Case Study Questions


Steve is a 75-year-old Vietnam veteran. He lives in northeastern Nevada with a stepdaughter. For most of his life, Steve has viewed himself as very independent and has managed to keep a roof over his head in spite of multiple challenging personal situations. As of late, however, Steve has started to experience problems with his health. He has a 55-year cigarette smoking habit, but Steve feels that it would be too difficult to kick the habit. Recently, Steve began having trouble with his vision. His problems have worsened to the point where he cannot drive. Since he lives over 2 hours from Elko, his stepdaughter drove him into town. He met with an optometrist who told Steve that he was suffering from age-related macular degeneration (Tolman, Hill, Kleinschmidt, & Gregg, 2005) and that Steve would be blind (or nearly blind) before the end of the year. Steve is unable to drive; his stepdaughter is only intermittently helpful. Steve was substantially discouraged when he got the diagnosis and thought that the best way to deal with this was to simply stop living. He stopped eating; he began smoking at a higher rate; and he has stopped calling family and friends.

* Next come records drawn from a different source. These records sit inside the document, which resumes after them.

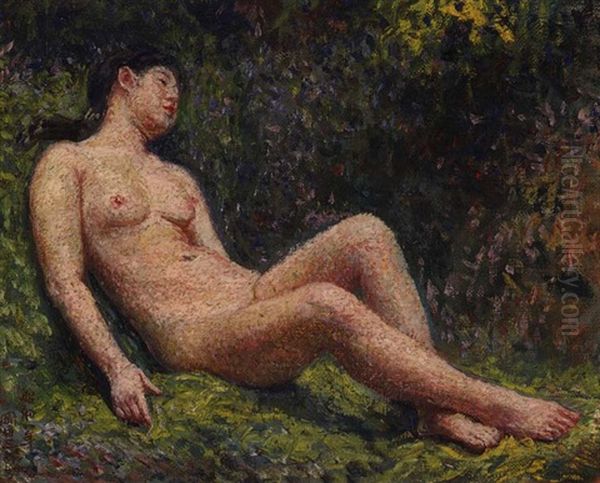 Female Nude Oil Painting by Saburosuke Okada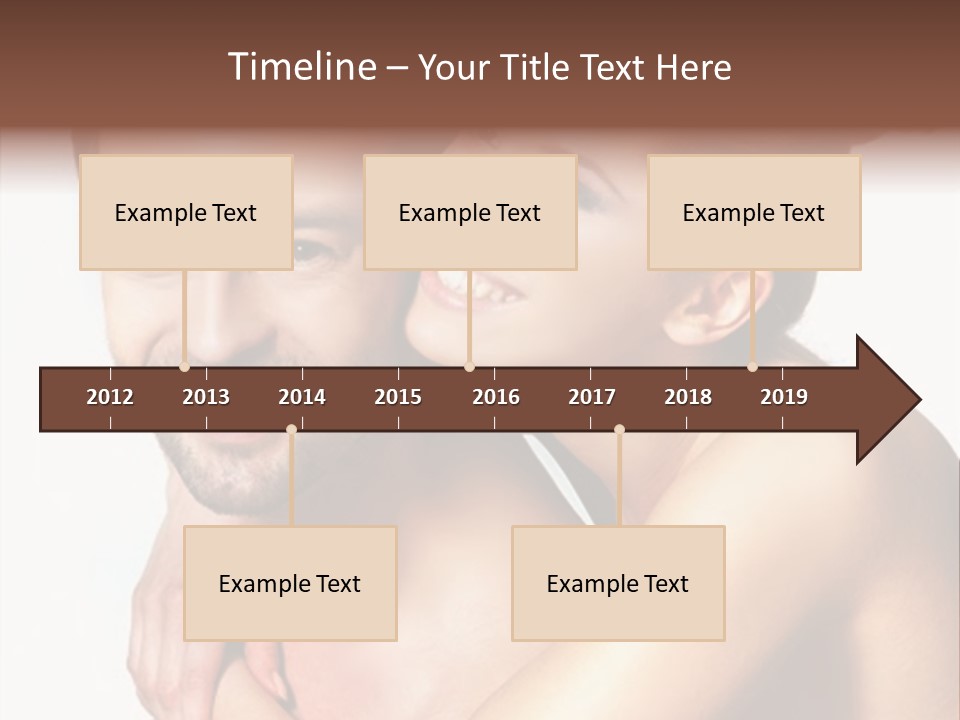 A Man And Woman Are Smiling For The Camera PowerPoint Template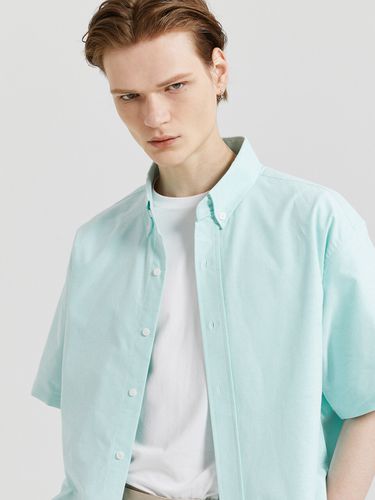 Oversized Half Sleeve Oxford Shirt - V2 - Modalova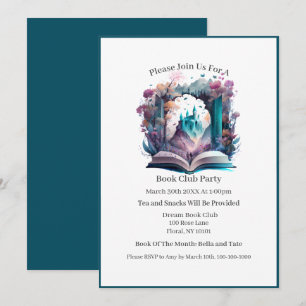 Waterverf Book Castle, Boekenclub Kaart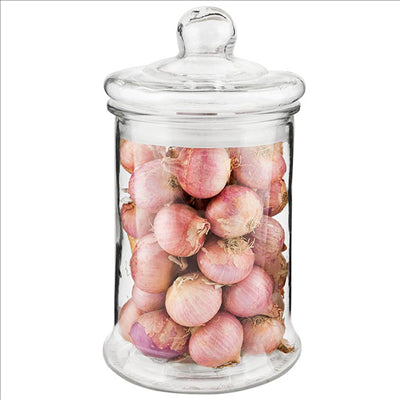 POT POUR STOCKER CYLINDRIQUE 'WAKI GLASS' 4350 Ø 19x34 CM TRANSPARENT VERRE (4 UNITÉS)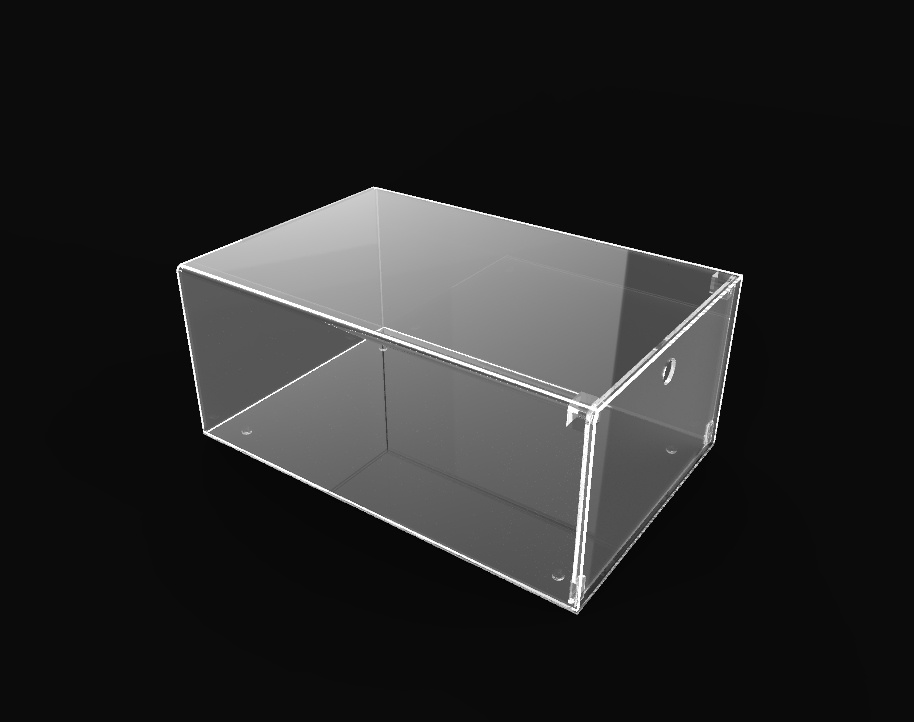 Customize Atd-125 Laser Engraved Acrylic Clear Shoe Box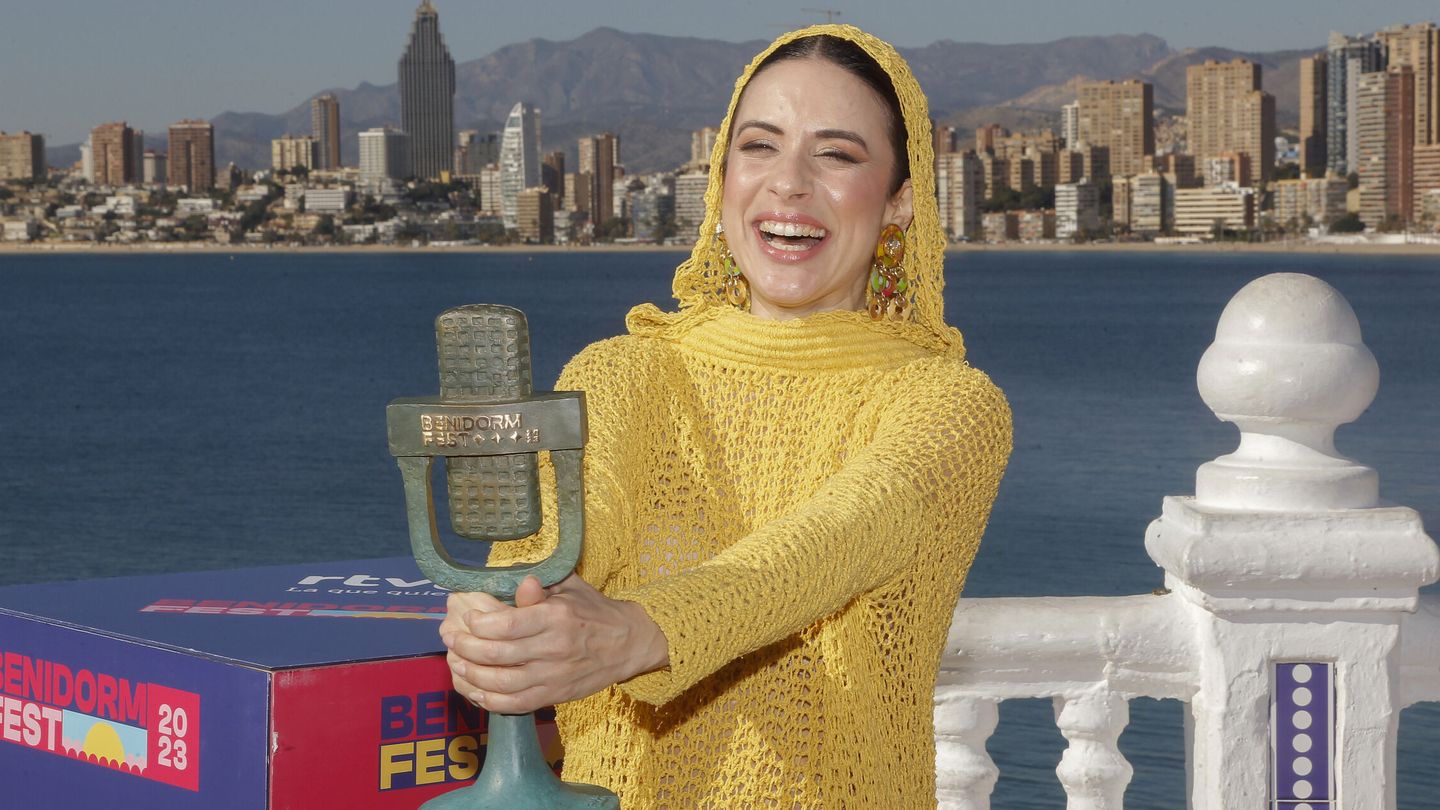 Blanca Paloma, ganadora de la segunda edición de Benidorm Fest. (EFE/Morell) 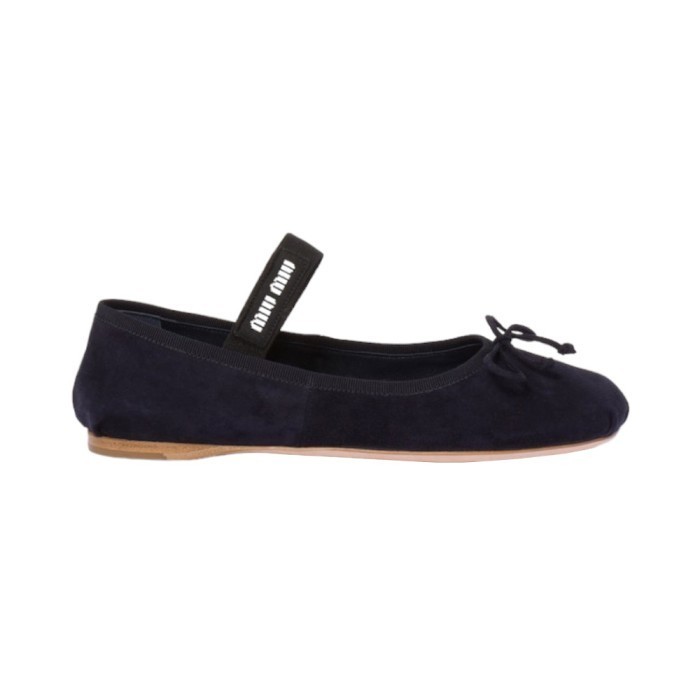 Shade leather ballerinas with elastic bands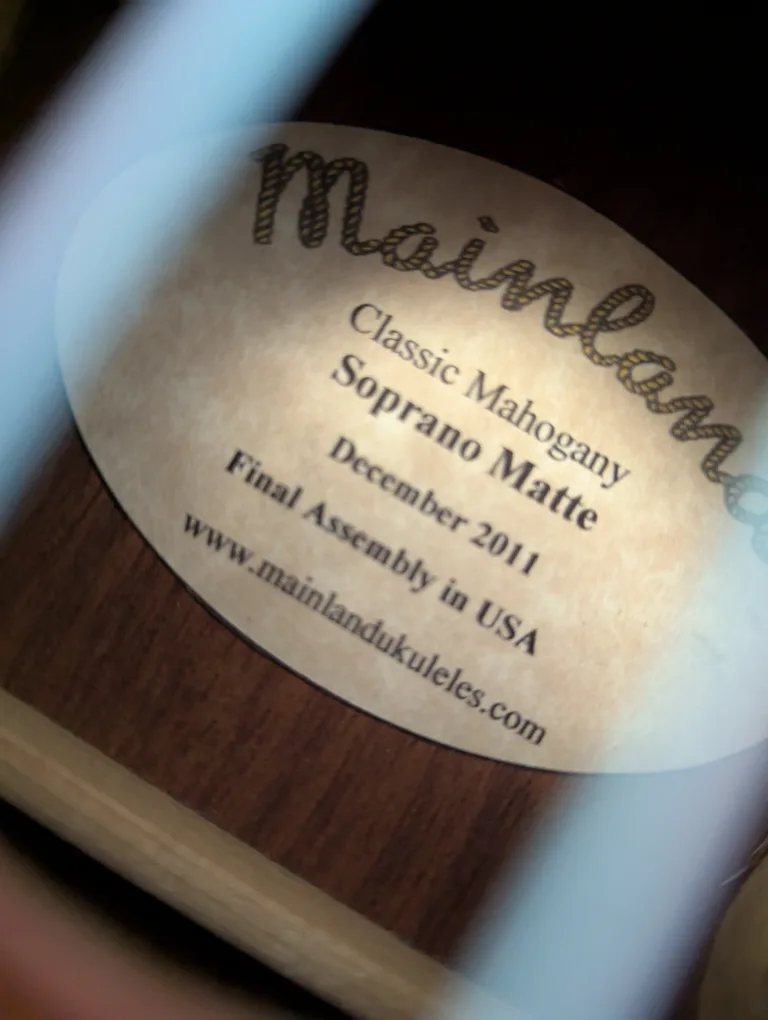 Mainland Soprano Ukulele in solid mahogany image indicator(3)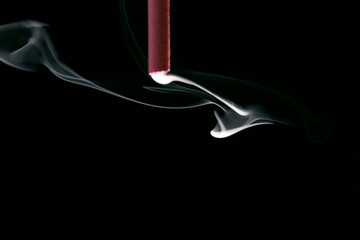 Smoke abstract as wallpaper / Smoke is a collection of airborne solid and liquid particulates and gases emitted when a material undergoes combustion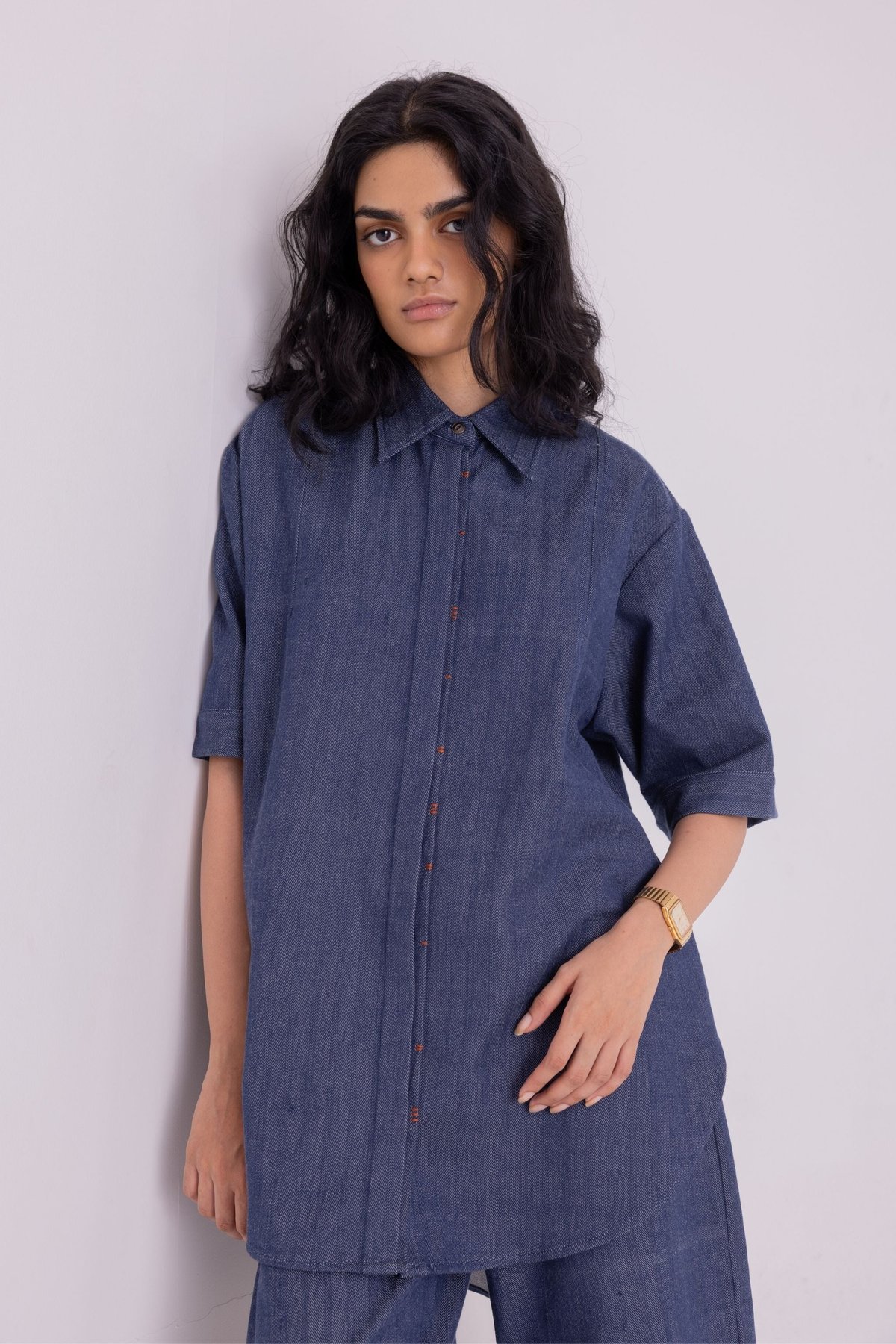 Handwoven Denim Shirt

His idea is that “life is no longer worth living if you are blind and have to depend on others.” His conclusion is to simply stop living and let death take over.

Analysis of Issue

Steve has taken a very negative view of his aging process and feels that he is not worthwhile because he can no longer live as independently as he is used to living. His focus is narrow, and he has allowed his change in health status and his progressive vision impairment to define his sense of worthlessness. He can’t change his declining vision status, but he can still find meaning in life and is likely still important to others around him, including his stepdaughter. Steve needs to find new sources of meaning that will allow him to regain life satisfaction even though his daily routines might need to change as he finds himself less and less able to be independent in the presence of his declining vision.


Steve needs to identify other sources of meaning, or even sources of meaning that he no longer thought were present. A first step would be to assess potential strengths that are still present and to begin focusing on those strengths. An initial assessment of those strengths might be identified through the Meaning in Life Scale, which assesses two dimensions of meaning in life using 10 items rated on a 7-point scale from “Absolutely True” to “Absolutely Untrue” (Steger, Frazier, Oishi, & Kaler, 2006, reproduces the Meaning in Life Scale in the article appendix). The Presence of Meaning subscale measures how fully an individual feels that he or she has meaning. The Search for Meaning subscale measures how engaged and motivated a person is in finding personal meaning or understanding the role of meaning in his or her life. Search is positively related to the seeking of meaning through various resources such as religion, helping others, or finding ways to volunteer. This scale is negatively related with present rumination and present-fatalistic time perspectives such as a newly discovered chronic health condition. Presence relates positively to strategies that can enhance personal and altruistic and spiritual behaviors.


Steve could be engaged with a counselor either through telephone or through several in-person visits. The goal of the intervention would be to identify sources of meaning that could compensate for Steve’s tendency to engage in maladaptive behaviors such as increased cigarette smoking and failure to thrive through not eating and personal isolation. A beginning step might be to help Steve identify sources of gratitude—that is, what features of his life and world are worth being grateful for. He continues to have family who cares about him. Although his vision will be declining further, he is still able to ambulate and can still enjoy activities such as listening to the radio and staying involved with others. Such a gratitude intervention could help Steve identify his existing strengths and provide new reasons for wanting to live. It could also allow him to identify reasons for rediscovering sources of life satisfactions. Altruism could play a role in aiding many people like Steve, who are struggling with this issue.

Perhaps Steve could find a renewed purpose for living by helping others like himself who are in need. In fact, it is quite possible that his efforts to find renewed life meaning could be a source of strength and hope to others as he becomes an example of someone who is older but who finds a way to cope with an age-related challenge and find life satisfaction in the process. These kinds of strategies could reengage Steve’s sense of control over his world and help Steve to identify ways that life could still be worth living even though he will ultimately need to make adjustments as he becomes less able to use his visual abilities to negotiate his day-to-day living situation. It could even be suggested that Steve himself, given his increasing impairment, might be an instrument to assist others in developing helping behaviors by working with Steve to assist him with his issues. In the past, Steve has relied on himself; by letting others help him, Steve could become a source of satisfaction and altruistic development for a younger generation who desires to help others but does not have an active way to practice or engage in helping behaviors. Steve could be the agent for other people to learn how to become better helpers.


  1. How can a positive aging model of health care be adapted for strength-based counseling interventions with older persons?
  2. What are the unique needs facing older persons who are from historically marginalized groups (e.g., older women, older persons from ethnic minority groups, older persons with lifelong disabilities)?
  3. What kinds of positive aging counseling approaches would be effective for older adults with cognitive impairments?
  4. What role could a positive aging model play in addressing the needs of a patient with Alzheimer’s disease?
  5. How can the SOC model of adaptation be applied to promote healthy lifestyle prevention strategies in older persons?